12. It was noted that the ability to exploit modern IT varied greatly in the region, but that diversity also offered an opportunity for intra-regional cooperation.  Thus, the basic thrust of the project was to share the experiences of NSOs that had made significant progress in exploiting new technology.  At the beginning of project implementation, a Working Party was established with experts from nine countries to identify priorities, to provide guidance in the systematic application of IT, to consolidate the experience of the countries and to share those experiences within the region.
13. Since 1997, the Working Party had met four times to identify and discuss the topics of principal interest to the project.  Each meeting had focused on one of the technology areas for which members had contributed a large number of technical papers.  Other project outputs included self-contained guidelines on the application of new technology to three important aspects of census processing, namely (a) population data collection and capture; (b) mapping and geographic information systems; and (c) population data dissemination.  The Working Party also guided the implementation of three pilot projects under RAS/96/P12, one each by the NSOs of Bangladesh, Indonesia and Philippines, to test such new technologies.  Each project would produce a report at the Workshop describing the technologies piloted and experiences gained.
14. The Workshop noted that further outputs of the project included five newsletters, a web site containing documents of the Working Party meetings, an awareness package to promote effective and efficient utilization of IT in population census and survey processing, and a survey on the application of IT within the region.

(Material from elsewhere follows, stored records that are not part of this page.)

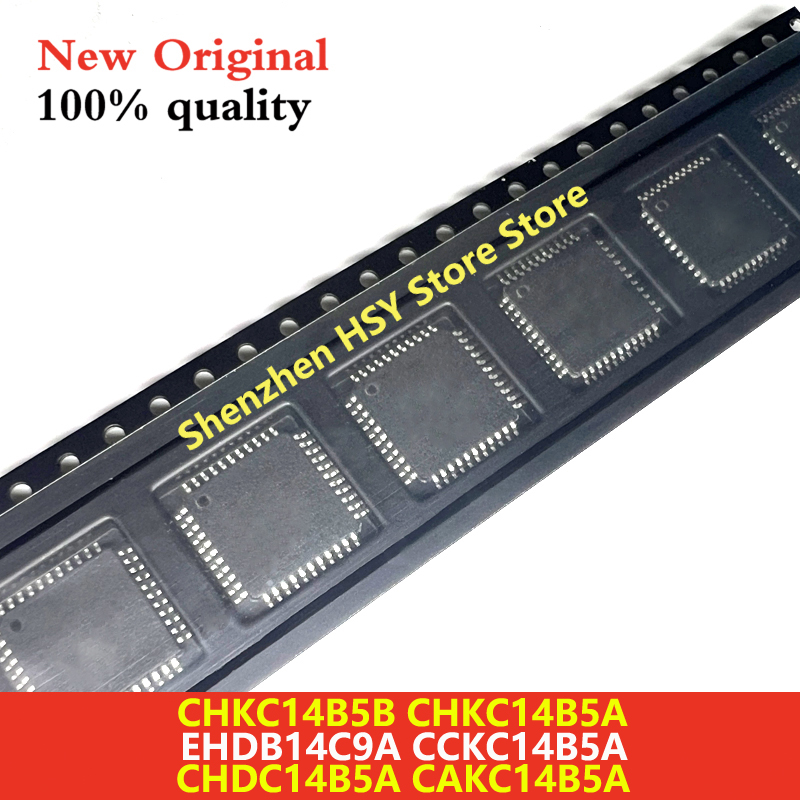 (1 個) 100% 新 CHKC14B5B CHKC14B5A EHDB14C9A CCKC14B5A CHDC14B5A CAKC14B5A QFP-48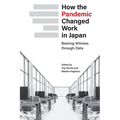 How the Pandemic Changed Work in Japan: Bearing Witness through Data - Paperback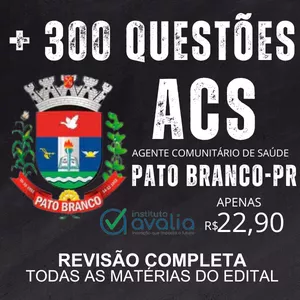 Imagem do curso PATO BRANCO PR - AGENTE COMUNITÁRIO DE SAÚDE ACS _ TODOS CONTEÚDOS DO EDITAL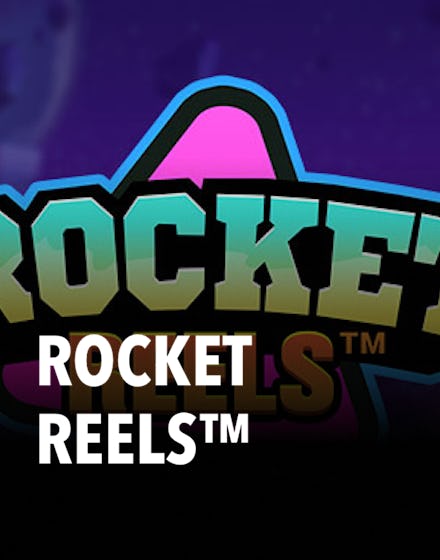 Rocket Reels™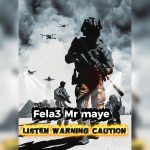 Fela 3 - Listening Warning Caution IMG-20251126-WA0000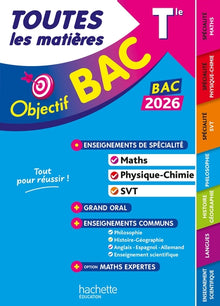 Objectif BAC 2026 - Toutes les matières Tle Spé Maths-Physique-chimie - SVT + enseignements communs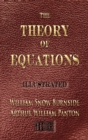 The Theory of Equations - Unabridged - Illustrated - Book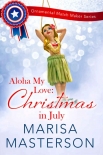 Книга Aloha My Love: Christmas in July
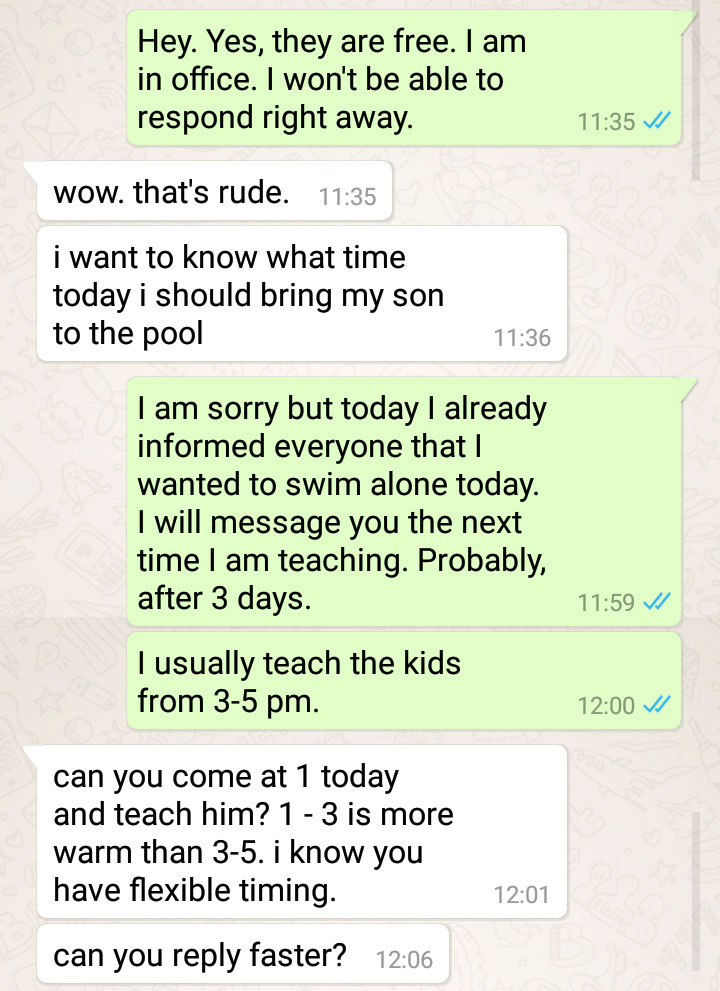 entitled mom - Hey. Yes, they are free. I am in office. I won't be able to respond right away. wow. that's rude. i want to know what time today i should bring my son to the pool I am sorry but today I already informed everyone that I wanted to swim alone 
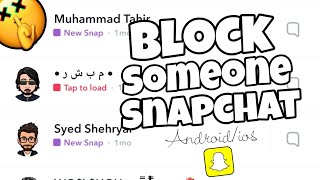 How To Block Someone On Snapchat Android/iOS | New Update 2022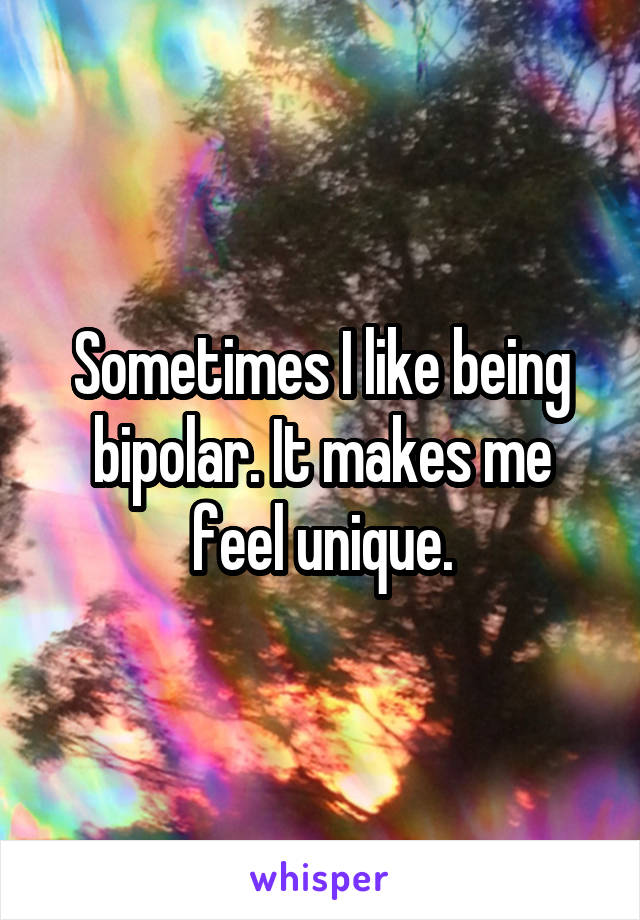 Sometimes I like being bipolar. It makes me feel unique.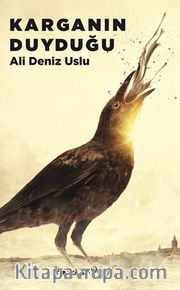 Karganın Duyduğu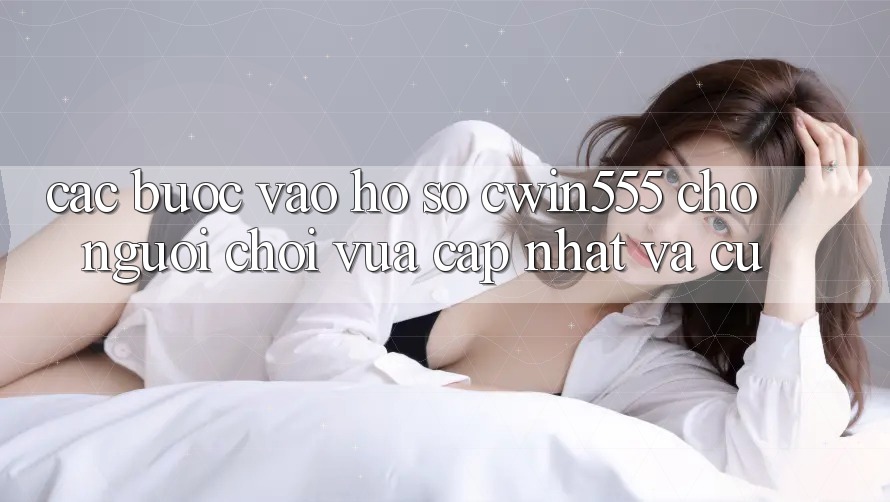 Các bước Vào hồ sơ cwin555 Cho Người Chơi Vừa cập nhật Và Cũ Các bước Vào hồ sơ cwin555 Cho Người Chơi Vừa cập nhật Và Cũ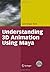 Understanding 3D Animation Using Maya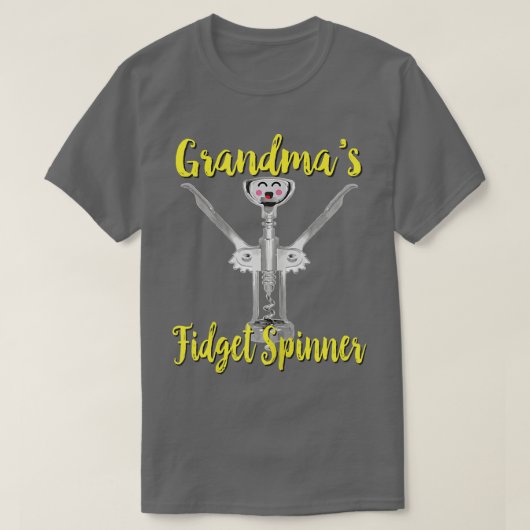 T-shirt Womens Grandma's Fidget Spinner Wine Corkscrew Fun (Design devant)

B. Objective of the Workshop
15. The participants noted that the overall objective of the Workshop was to sensitize participants to the opportunities that modern information technology provided in population data operations.  Immediate objectives of the Workshop were (a) to provide information that would improve the basic understanding of new technologies relevant to population censuses and surveys; (b) to discuss advantages and constraints of important new information technologies; (c) to consider strategic implications that information technology would have on the planning, conduct and processing of population censuses and surveys; and (d) to facilitate the understanding of the overall role of new technology in conducting censuses and surveys.
C. Census processes
16. The Workshop reviewed major processes and activities associated with the conduct of censuses or large-scale population surveys.  Three distinct phases were identified.  The pre-enumeration stage included census planning, census organization, questionnaire design, forms and manuals drafting, cartography, publicity, data processing system design and development, and the conduct of the pilot census.  The census planning entailed obtaining legal and financial support from the Government, estimating resource requirements, preparing budgets and scheduling the event.  The census organization established central and field offices, created national and regional committees and co-ordinated with other Government offices.  The questionnaire design required dialogue with potential users and was a precursor to developing the tabulation plan.  The questionnaire, forms, manuals and the data processing system were tested during the pilot census.  The enumeration stage included the recruitment and training of field workers, the establishing of house listings, the actual enumeration and the post-enumeration survey.  The post-enumeration stage included the data processing from data capture to final tabulations, the analysis of results, the evaluation of the census process, and the dissemination of reports.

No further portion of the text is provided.